The operative provision of the executive order, Section 2, is quite limited: the Treasury Secretary is not to challenge the tax exempt status of religious organizations that speak “about moral or political issues from a religious perspective, where speech of similar character has . . . not ordinarily been treated as participation or intervention in a political campaign . . . .” Since the IRS has never shown any interest in expanding tax-exempt enforcement against houses of worship, the order is, at most, a ratification of the status quo. For years, activists have flagrantly violated the Johnson Amendment, only to see the IRS refuse to respond or agree to generous settlements. Since 2008, conservative activists such as the Alliance Defending Freedom (ADF) have hosted Pulpit Freedom Sunday a few weeks before Election Day, encouraging pastors across the country to talk electoral politics in church as part of a deliberate effort to draw scrutiny from the IRS so that ADF can launch a constitutional challenge to the law. ADF encourages Christian Pastors to engage in civil disobedience and “speak truth into every area of life from the pulpit.” To date, none of the participating pastors have faced IRS enforcement measures.

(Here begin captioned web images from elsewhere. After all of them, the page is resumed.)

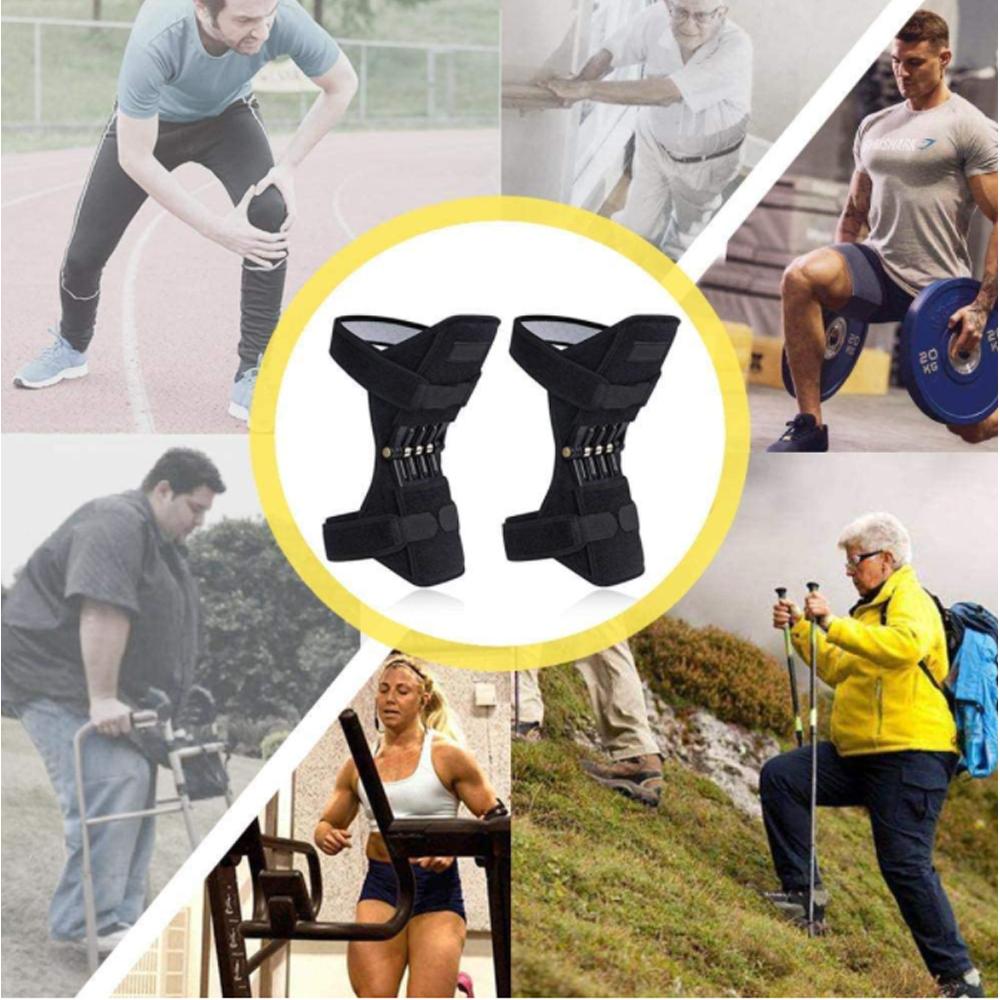 DODAM Non-Slip knee booster Powerful Rebound Spring Force Power knee stabilizer pads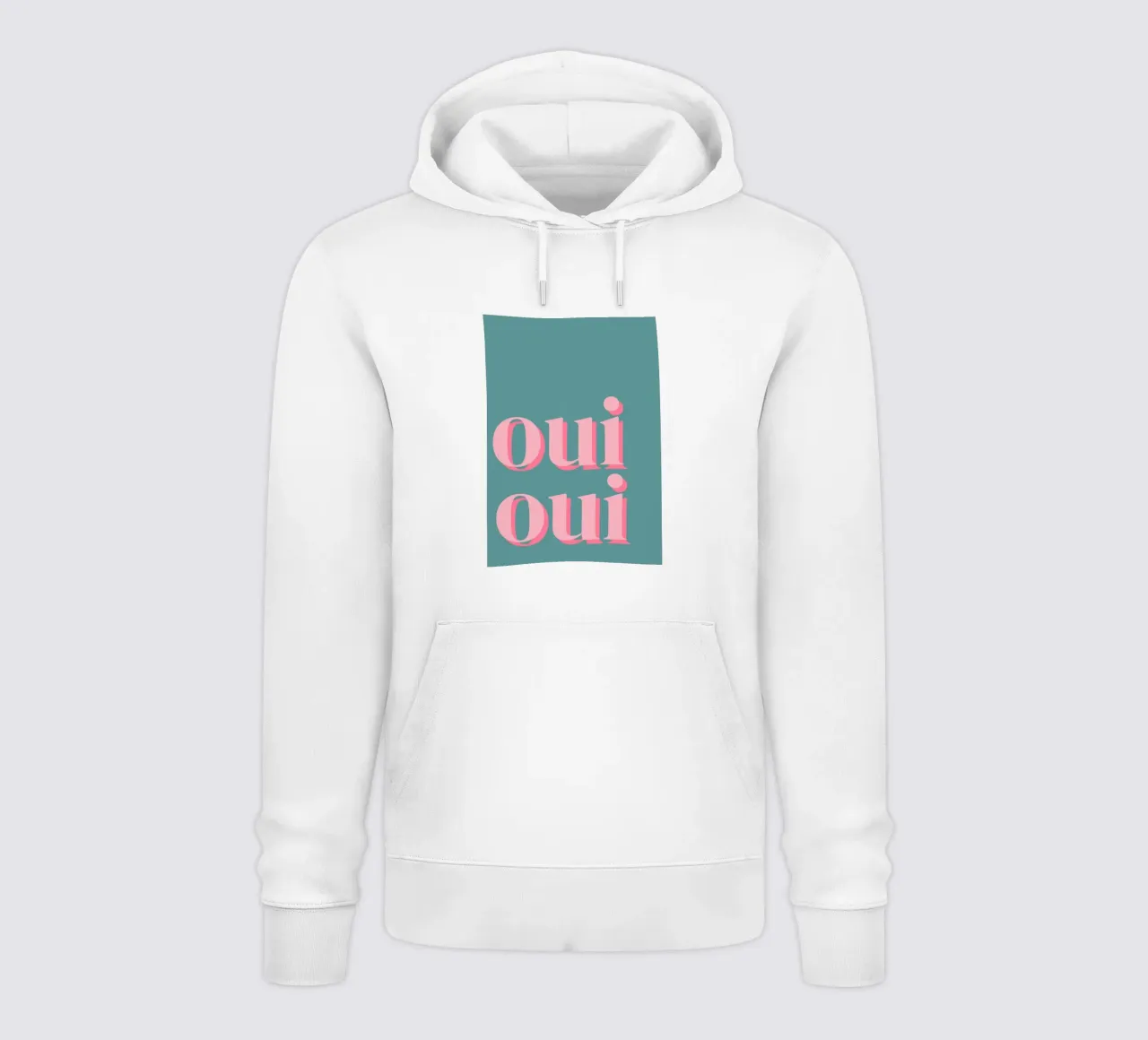 OUI OUI detto francese felpa con cappuccio da pdigitalprints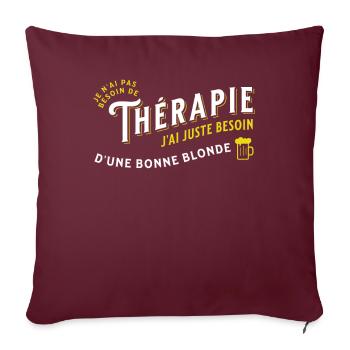 Apéro Idée Cadeau Citation Bière Alcool Apéritif - Housse de coussin décorative 45 x 45 cm - bordeaux - Devant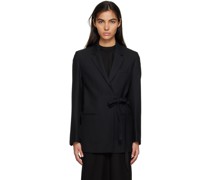 Black Wrap Blazer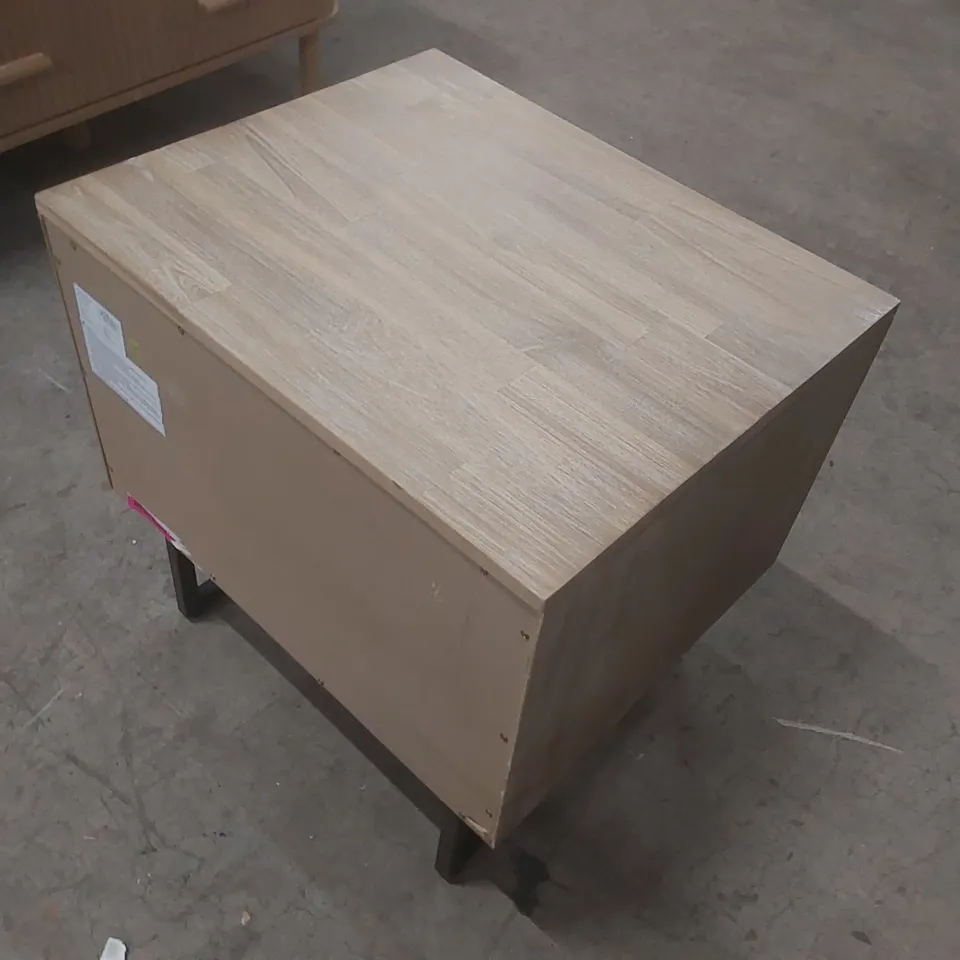 55CM W SOLID WOOD BEDSIDE TABLE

If Congress repealed the Johnson Amendment, or if President Trump implemented a more robust executive order on the topic, the effect would be strikingly asymmetrical. Christian and Jewish clergy (and other politically-secure religious traditions) would be empowered to bring faith and politics together at the very moment that Muslim clergy worry about the growing net of suspicion and surveillance being cast on their community. Unlike their counterparts in other faiths, Muslim clergy are primarily fearful of the local, state, and federal intelligence operations that target their houses of worship, and not without cause. Muslims already face increased scrutiny from law enforcement officials. For example, the National Security Agency and the FBI allegedly tracked email accounts of five Muslim American leaders between 2006 and 2008, according to an NSA spreadsheet of email addresses disclosed by former NSA contractor Edward Snowden. More recently, over 100 people contacted the Council on American Islamic Relations to report that they were visited by the FBI prior to the 2016 election.

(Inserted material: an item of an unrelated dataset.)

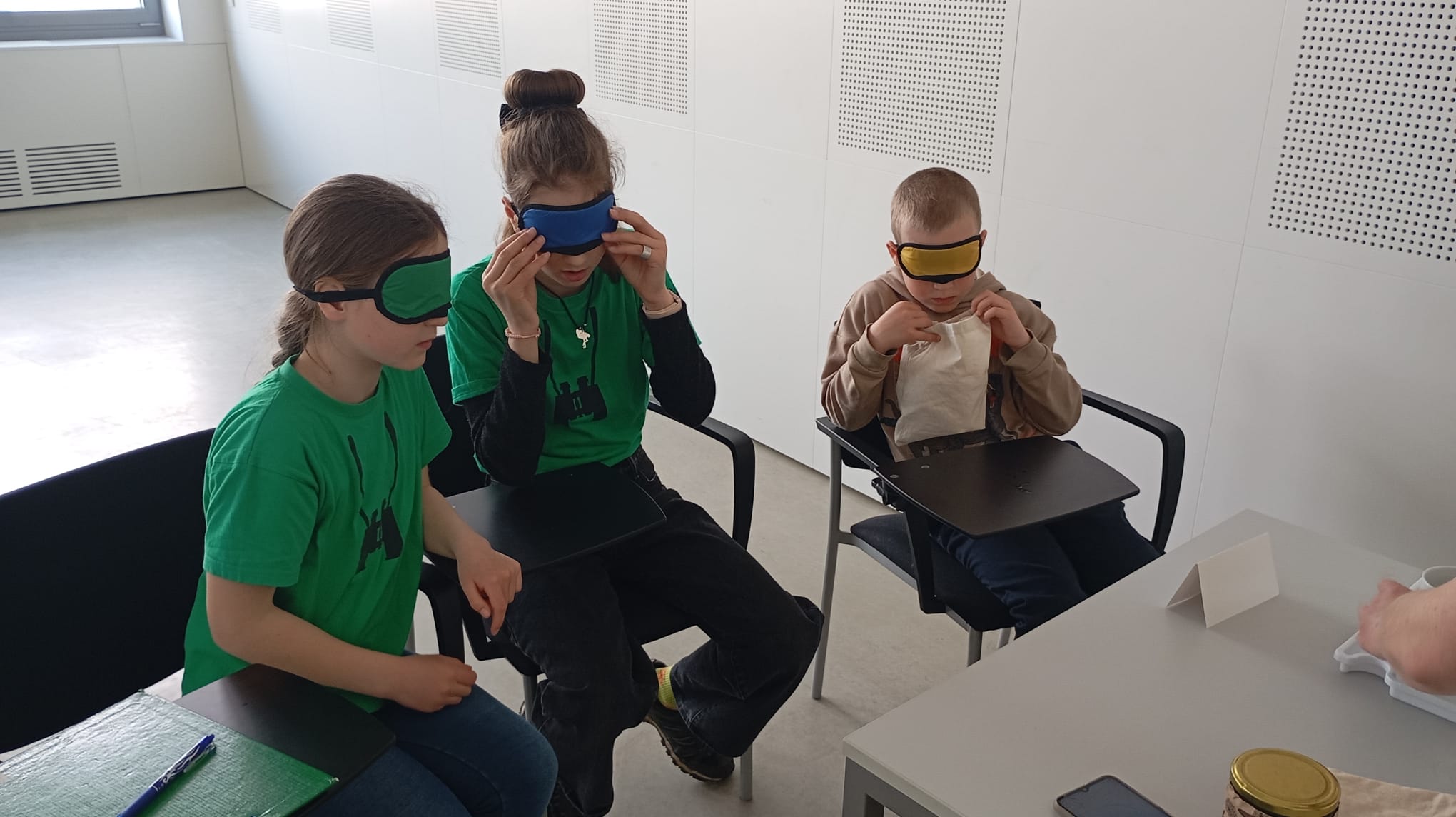 Žáci na soutěži Poznej a chraň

The effect would be particularly pronounced here in New York, where Muslims face additional scrutiny from the NYPD, which has a long history of suspicionless, warrantless surveillance of the Muslim community. According to the NYPD’s own inspector general, 95% of recent NYPD intelligence investigations targeted Muslim New Yorkers or organizations associated with Islam, and the NYPD has repeatedly inserted undercover agents everywhere from New York masajid to Muslim student groups at public colleges.

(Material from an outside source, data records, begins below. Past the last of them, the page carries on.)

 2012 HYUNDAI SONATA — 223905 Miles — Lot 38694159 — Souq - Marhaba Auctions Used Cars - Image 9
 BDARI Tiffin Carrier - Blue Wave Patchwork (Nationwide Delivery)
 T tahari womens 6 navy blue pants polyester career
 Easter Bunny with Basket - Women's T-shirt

While President Trump’s May 4th executive order, self-styled as “Protecting Free Speech and Religious Liberty,” was largely symbolic, it has disturbing implications for how measures that purportedly advance religious liberty can promote majoritarian religious institutions, while harming the minority faiths most in need of protection. Hopefully, the order isn’t a harbinger of more meaningful and substantive measures in the months and years to come.